Performance comparison between structural element of building systems in Malaysia

American Journal of Applied Sciences, May, 2005 by M.R. Abdul Kadir, W.P. Lee, M.S. Jaafar, S.M. Sapuan, A.A.A. Ali

Abstract: The Industrialised Building System (IBS) was introduced in Malaysia in 1966, but it failed to establish itself on a continuous basis though there is a sustained large market for residential projects even since. One of the reasons behind this shortcoming is the lack of scientific data on labour productivity that could convince policy maker. Hence, the objective of this study is develop a standardised data collection methodology for measuring and comparing the conventional building system and IBS in term of labour productivity, crew size and cycle time. Labour productivity (manhours/[m.sup.2]) is defined as the manhours required to complete the structural element of one unit house. A total of 499 data points were obtained from seven residential projects constructed between January 2003 and April 2004. Analysis of Variance (ANOVA) indicated that the labour productivity was significantly different between four structural building systems.
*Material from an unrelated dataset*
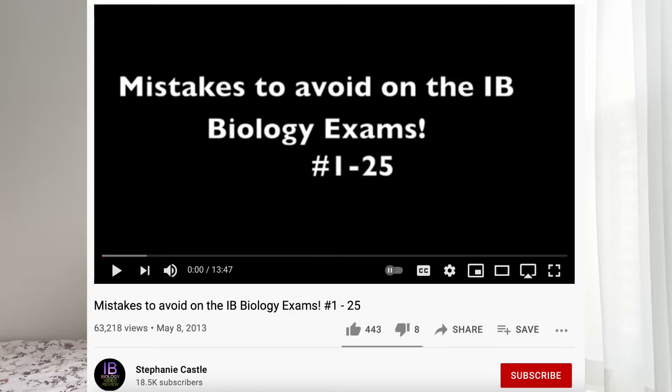My next tip would be to check out some IB biology YouTube videos on exam tips, especially those on how to approach data-based questions, command terms, and various mistakes that students often make. For example, there's one by Stephanie Castle — she has a series that's really detailed and has great tips for approaching data-based questions as well as different command terms.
The mean labour productivity for conventional building system was 4.20 manhours/[m.sup.2] followed by cast in-situ table form (2.70 manhours/[m.sup.2]), cast in-situ half tunnel form (1.88 manhours/[m.sup.2]) and precast concrete system (1.33 manhours/[m.sup.2]). Further, the analysis of crew size indicated that the mean crew size for conventional building system of 24 workers was significantly different from the IBS of 22 workers. However, the crew size within the IBS was found to be insignificant. The cycle time measured in days per house was found to be significantly different between structural building systems with the conventional building system of 4.9 days, cast in-situ table form of 3.9 days, cast in-situ half tunnel form of 2.9 days and precast concrete system of 2.3 days. The labour productivity obtained from this study could be used as a preliminary guideline for client or consultant to identify the most appropriate building system for executing a construction project and determining the labour requirement in the construction industry.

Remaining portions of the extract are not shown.